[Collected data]
---+---

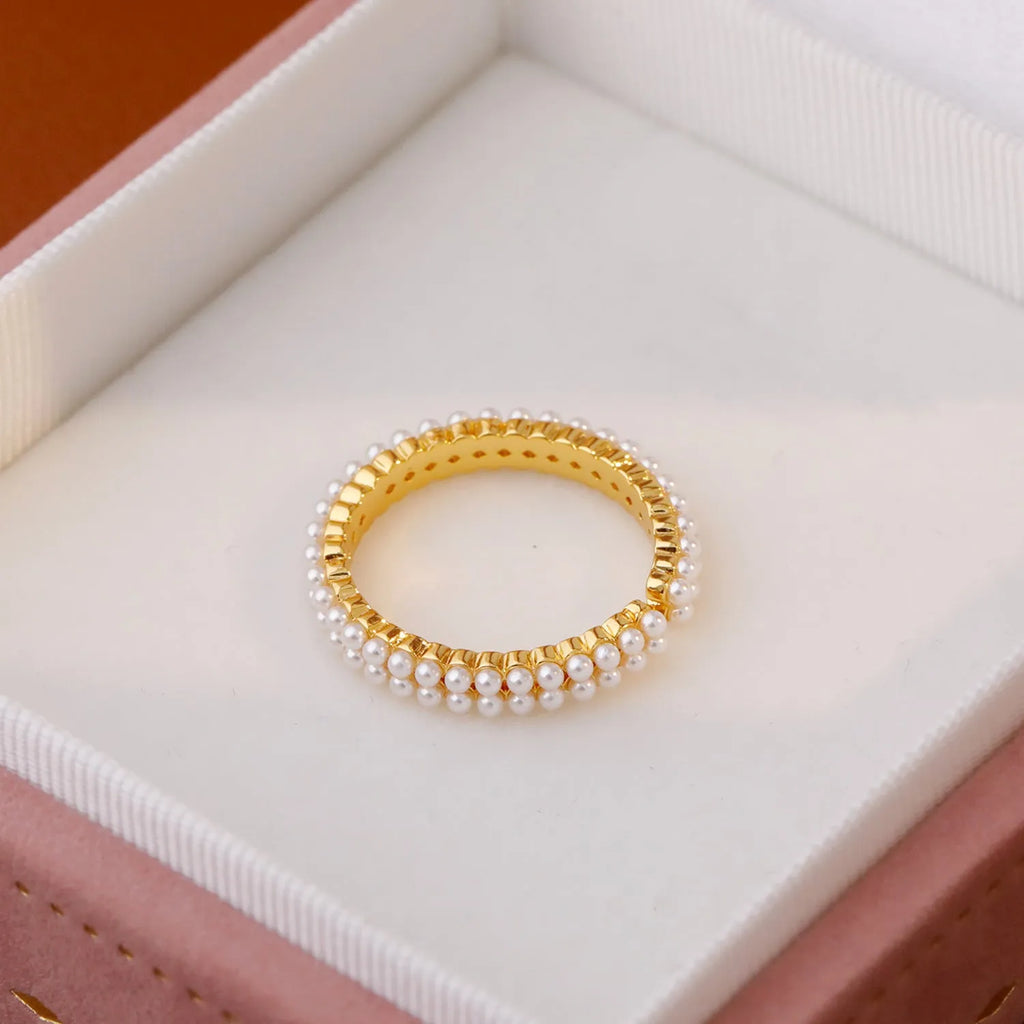 Gold geometric open mouth ring with round decorative elements on female hand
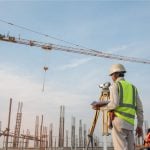 A construction surveyor standing outside at a construction location
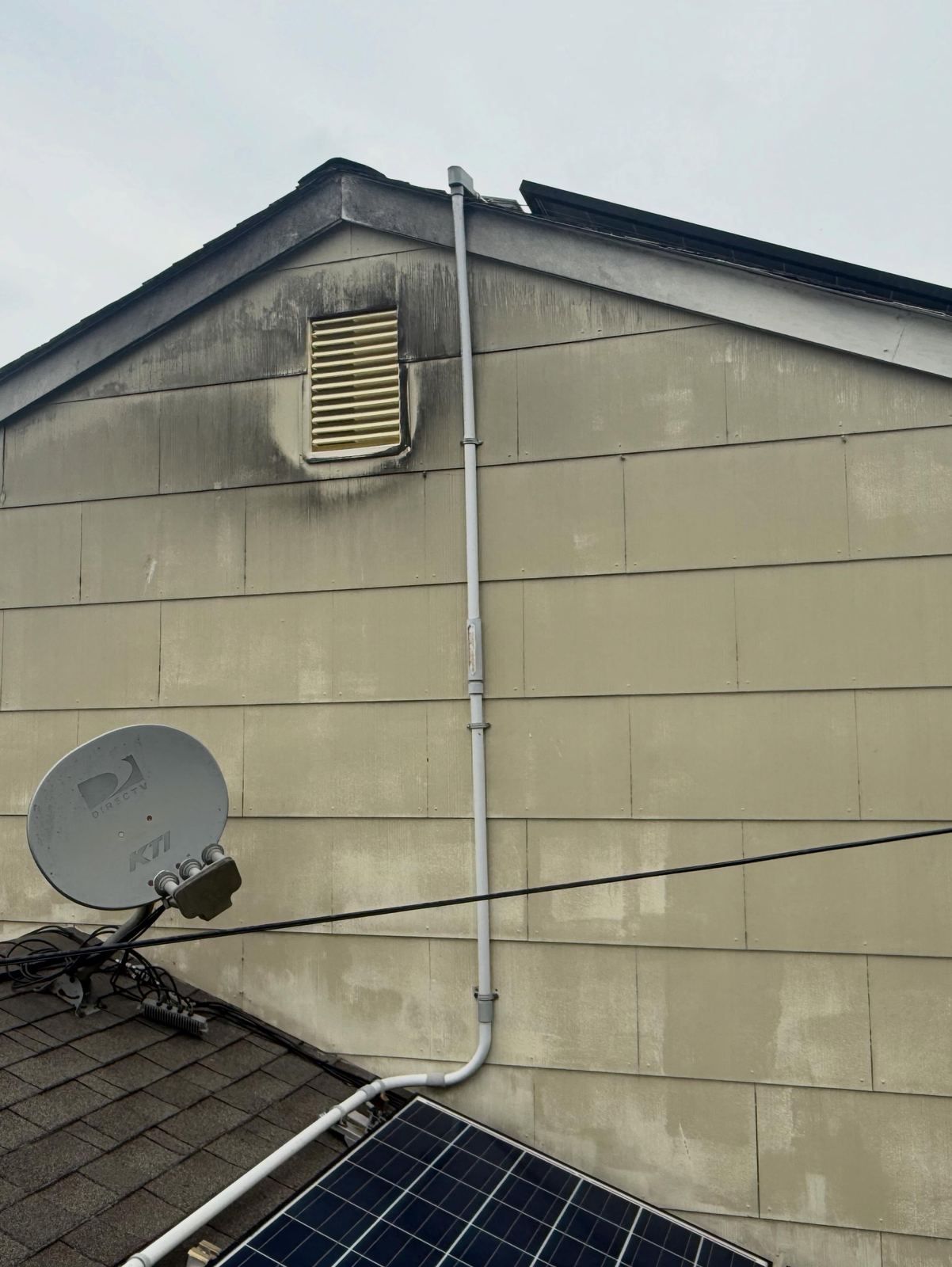 Gable siding with satellite dish — Catanzaro's Power Washing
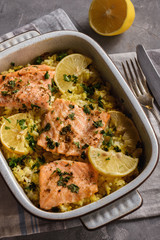 Salmon baked on oven with rice and lemon.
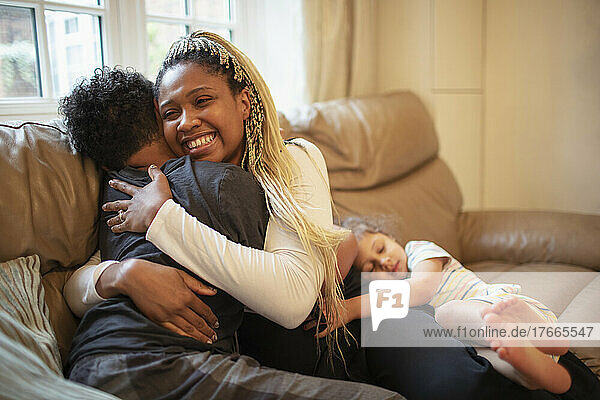 Happy mother hugging son on living room sofa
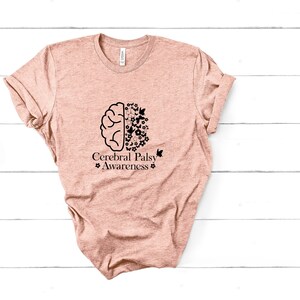 Może przedstawiać: Jasnor&oacute;żowy t-shirt z czarnym konturem m&oacute;zgu z kwiatami i motylami po jednej stronie i tekstem "Cerebral Palsy Awareness" po drugiej.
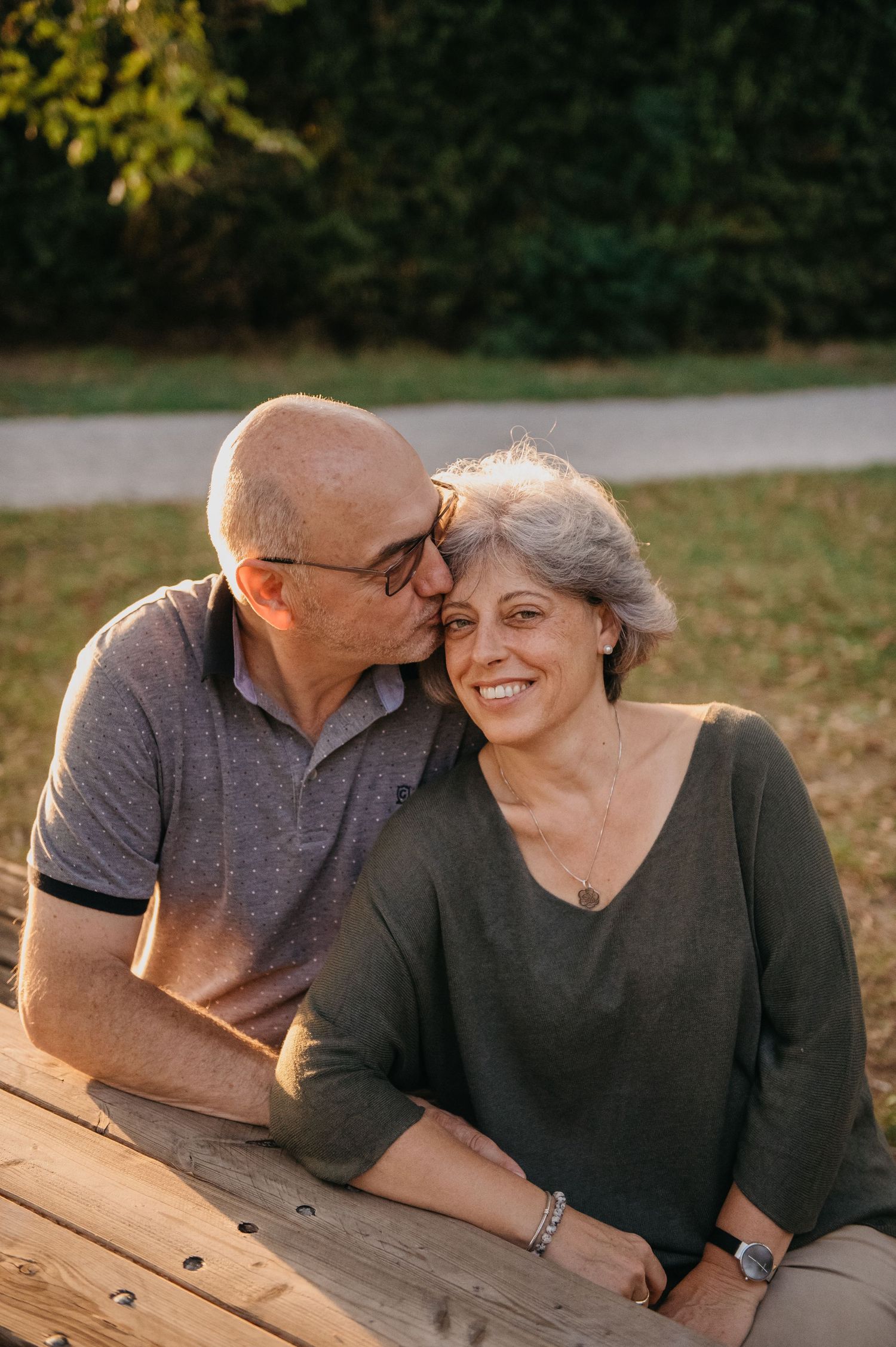 An older couple sitting at a picnic table outdoors, man kissing woman's cheek as she smiles warmly.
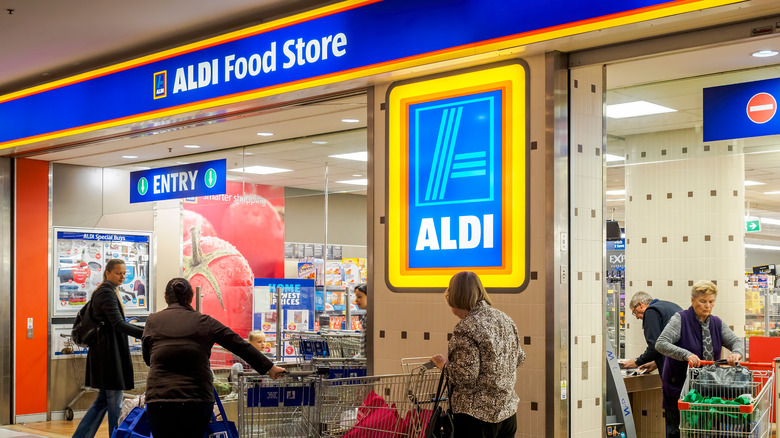 Customers with carts outside Aldi shop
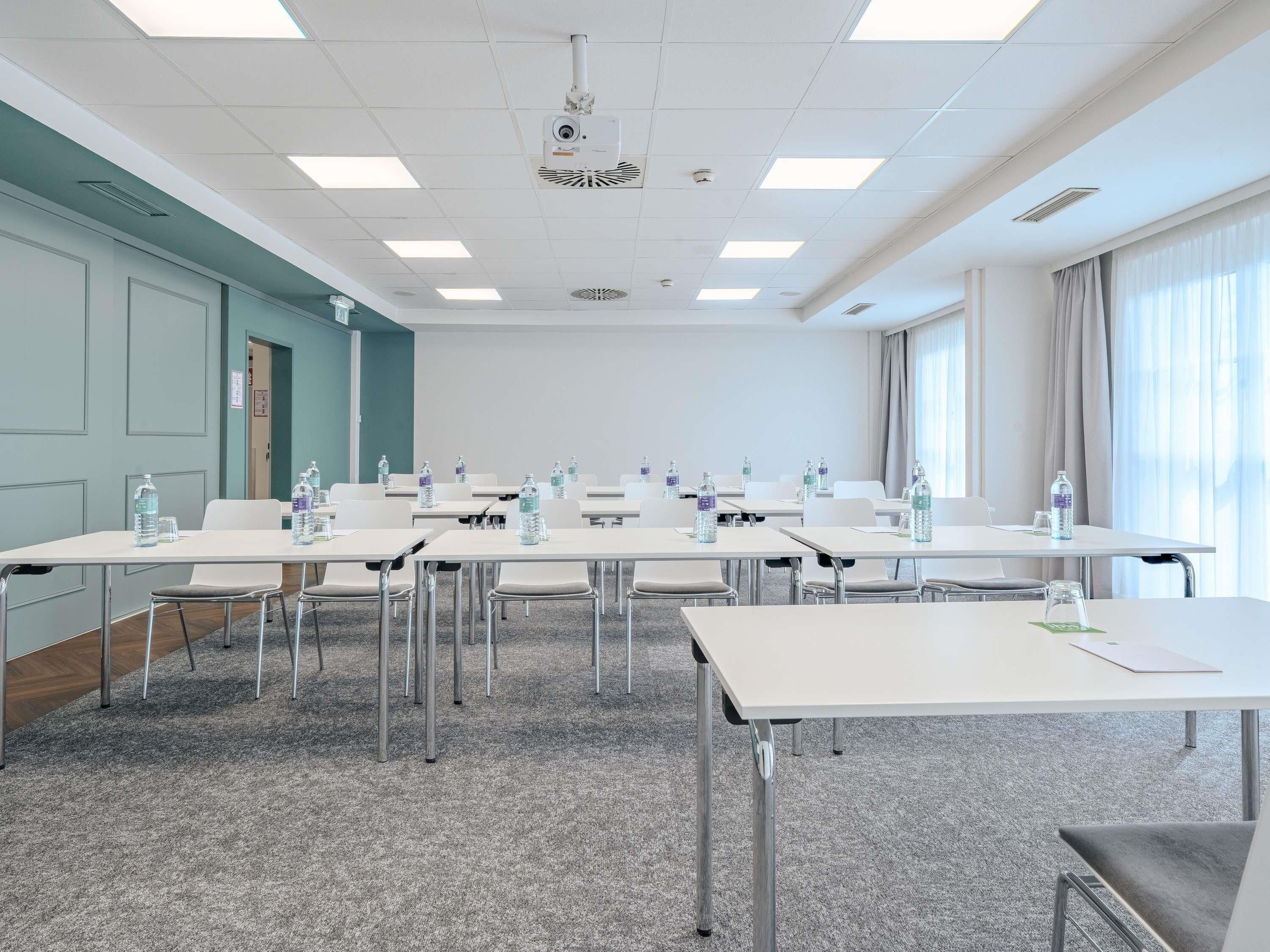 A conference room with white tables, chairs, and a projector on the ceiling.
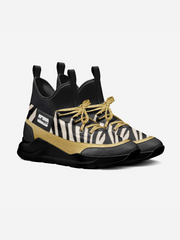 Black and gold sneaker with zebra pattern on a light gray background
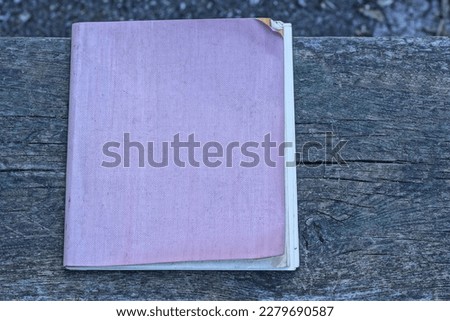one old notebook with a lilac cover lies on a gray table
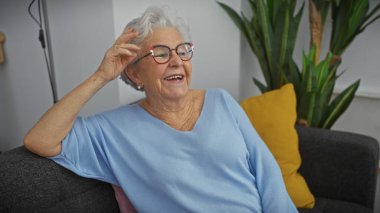 Happy senior woman with grey hair and glasses laughing while relaxing on a sofa at home clipart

---+---

Your objective ->
When you return the records, keep every word unchanged and drop the pictures.

Output ->
 Gold geometric open mouth ring with round decorative elements on female hand
 A construction surveyor standing outside at a construction location
 Gable siding with satellite dish — Catanzaro's Power Washing
 Salmon baked on oven with rice and lemon.
 Happy mother hugging son on living room sofa
 Może przedstawiać: Jasnor&oacute;żowy t-shirt z czarnym konturem m&oacute;zgu z kwiatami i motylami po jednej stronie i tekstem "Cerebral Palsy Awareness" po drugiej.
 An older couple sitting at a picnic table outdoors, man kissing woman's cheek as she smiles warmly.
 Customers with carts outside Aldi shop
 A conference room with white tables, chairs, and a projector on the ceiling.
 Black and gold sneaker with zebra pattern on a light gray background
one old notebook with a lilac cover lies on a gray table
 Happy senior woman with grey hair and glasses laughing while relaxing on a sofa at home clipart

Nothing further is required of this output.